140906

(Thursday morning 1230am, really Wednesday night)

Some notes I made without expanding, sorry to my extensive readership.

just drove 70k for 16.5 mg metro,
just had a girl over for dinner, first guest since S.
discussed with her what were the good points of S, and for me they all related back to S of 1998/1999.
why did i not act upon her change (when she went from stripey sock girl to the Sportsgirl/reality TV woman)
will i never speak with S again? is that so bad? did she ever show care towards me?
Sly is having best conversations ever now he's in arthur gorrie R&R and ice free.

Thursday evening, 11pm-ish

Normally I would have done two diary entries, as I wrote one last night and now I write another. Append an addendum sounds nice but it isn't the truth, because they are separate text files (well early one, before they are born again in His light as a little dot A S P baby).
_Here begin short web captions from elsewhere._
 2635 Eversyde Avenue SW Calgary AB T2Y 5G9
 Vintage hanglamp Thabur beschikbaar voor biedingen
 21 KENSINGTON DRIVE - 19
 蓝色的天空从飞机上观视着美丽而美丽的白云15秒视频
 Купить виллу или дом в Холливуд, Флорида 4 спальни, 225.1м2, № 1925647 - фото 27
So do I stick with the truth and its unfortunate wording, or do I lie and use the cool alliteration?

Sometimes it seems like the above. You are faced with a problem and the only solutions are both not palatable. For example, me recently, finishing an eight year relationship with the S word, what was I to do? She was the one who instigated the finish, by the way.

I defined the problem as follows.

THE PROBLEM

I am 35 years old going on either 42 or 22, depending on how much gabo I have been using. For the last eight years I have been living in a flat with a girl three years my junior. Despite my oft-stated belief that I should "never go out with a junkie", I did exactly that in August of 1998.
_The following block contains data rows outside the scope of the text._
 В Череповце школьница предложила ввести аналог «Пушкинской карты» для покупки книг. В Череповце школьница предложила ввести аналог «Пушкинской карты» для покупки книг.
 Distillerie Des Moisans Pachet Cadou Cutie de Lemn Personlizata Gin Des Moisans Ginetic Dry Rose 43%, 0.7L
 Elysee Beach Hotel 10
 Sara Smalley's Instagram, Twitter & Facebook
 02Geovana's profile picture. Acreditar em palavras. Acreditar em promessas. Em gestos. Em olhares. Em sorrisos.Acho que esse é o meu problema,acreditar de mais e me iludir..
Being financially well-off when we moved in to the flat I still live in, I started paying for all bills - food, utilities, entertainment and gabo. She still worked for time to time, waitressing and bar work. Her income was probably around 1 tenth of the street value of gabo she took. But she paid for her other main addiction, nicotine, mainly because it was one I did not share.

When the 2001 shortage of gabo hit, I went from well to do to well done. All savings I had, around 50k, went in a couple of months. I did some stupid things at the Financial Institution I was working at. I took some stupid risks. One the two craziest risks I took, S would have no part. But for all the mundane stupidities, the borrowing and deception, S was totally behind me like any good junkie wife. I got so tired and depressed from the routine of what I was doing that I would not have been able to manage to go out and source funds some nights without her. She was never the overtly violent type, but she certainly had a simple routine of amping up the anger and threats if she thought that there was a way I could get cash (therefore gabo) and I wasn't doing it.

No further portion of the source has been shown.